I would prefer to baptize an adult who is then and there prepared for communion. The Philippian Jailer--to say nothing of his wife and family--was catechized and baptized in one night. How much clarity was needful? How much learning, growing, and appreciation lay ahead of those guys? Lots. But they still baptized them.

I suppose the question would be more pressing if our custom was weekly communion (for most of us it is not the custom). As it is, it is more likely that, a space of several weeks being "built in" to our typical practice of communion, baptism could be arranged to happen sooner than the first Table opportunity.

But in any case, a basic comprehension of sin and salvation--enough so that intelligent promise/answers to membership questions can be expected--is not too hard for ordinary people with mature, functioning mental apparatus to achieve.


----------



## Edward

Contra_Mundum said:


> In terms of the "willingness" of the spouse, mentioned in the OP, I think with some degree of grace (judgment of charity) and also with prerequisite instruction, we would and should baptize such a spouse. Why? Because this person is consenting to becoming a Christian.



But is it a voluntary consent? How much pressure is the husband asserting on the wife. At the very least, the session should examine the wife outside of the presence of the husband. And if he has an issue with that, it's pretty good evidence that he, not she, is the one that wants this. 

I still submit that baptizing 'the unbelieving wife ' is contra-confessional.


----------



## Contra_Mundum

Pilgrim said:


> One of the more frequent refrains of the paedocommunion advocates is that in many churches much more time is spent with covenant children prior to their public profession of faith than is spent with adult members joining the church. And I think this would especially be the case with those congregations that still have a strong emphasis on catechesis.



We could do what the ancient church did (2nd-4th centuries), and make everyone go through a whole year of catechesis... Then baptize and commune them on the big Easterday festival.

Somewhere between two extremes of laxity and severity is the broad plain of pastoral sensitivity to particular needs. Frankly, I'm not that interested in the PC crowd's analysis and complaints. First, they should do what Lewis and Chesterton advised: and learn the real reasons for the existence of the things they find inconvenient; before undertaking their renovations.

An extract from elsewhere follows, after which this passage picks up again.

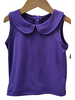 Ntrl CO. Geaux, Fight, Win Cheer Set {Wht/Purp/Gld}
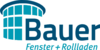 Kundenlogo von Fenster + Rolladen Bauer GmbH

Apparently, the OT church in Jesus' day thought 13yrs was about the right time for little boys to start attending and partaking of Passover with Dad.

PC advocates typically approach the whole matter of the Supper with a superabundance of preconceptions that no amount of hard Scriptural data can overturn. Any text can be read with a tendential slant, or dismissed as "irrelevant," before causing cracks to appear in their theory. They haven't built a theology of Communion out of the Bible from the ground up; but have a firm conviction that informs their reading of "relevant" texts.

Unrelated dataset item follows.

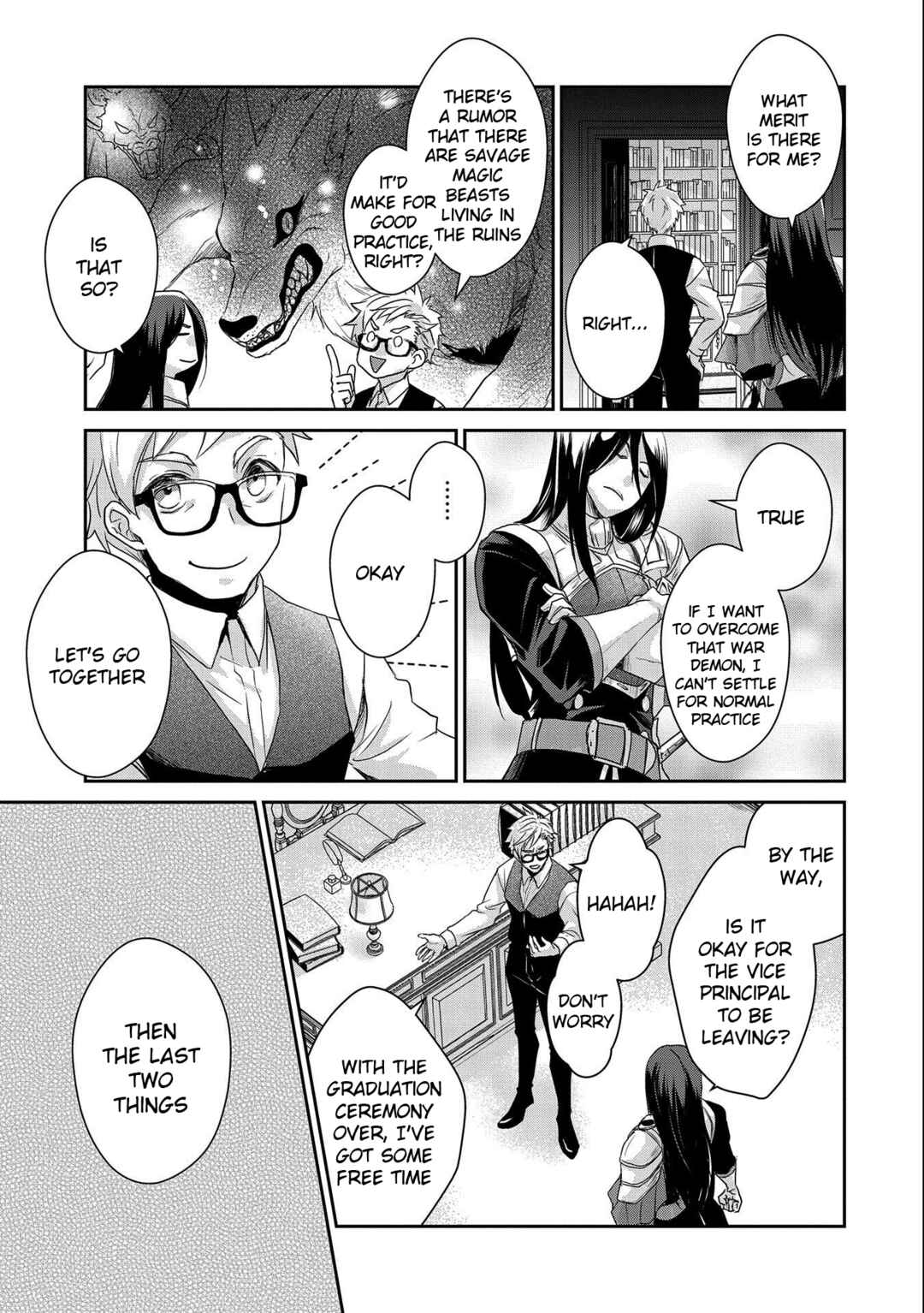 Page 15 Chapter 19 Senki to Yobareta Otoko, Ouke ni Ansatsu Saretara Musume wo Hiroi, Issho ni Slow Life wo Hajimeru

It is reasonable to set one standard for a covenant child, and an analogous (different) one for a spontaneous convert. Let us hear the reason, and evaluate it. In the case of our congregation, we happen to use (since before my time) the same booklet for new communicants and new members. So we happen to be closer to "consistency" as some are apparently interested in counting it. Big deal. I could change our practice tomorrow, and this accusation wouldn't bother me in the least. It's worthless.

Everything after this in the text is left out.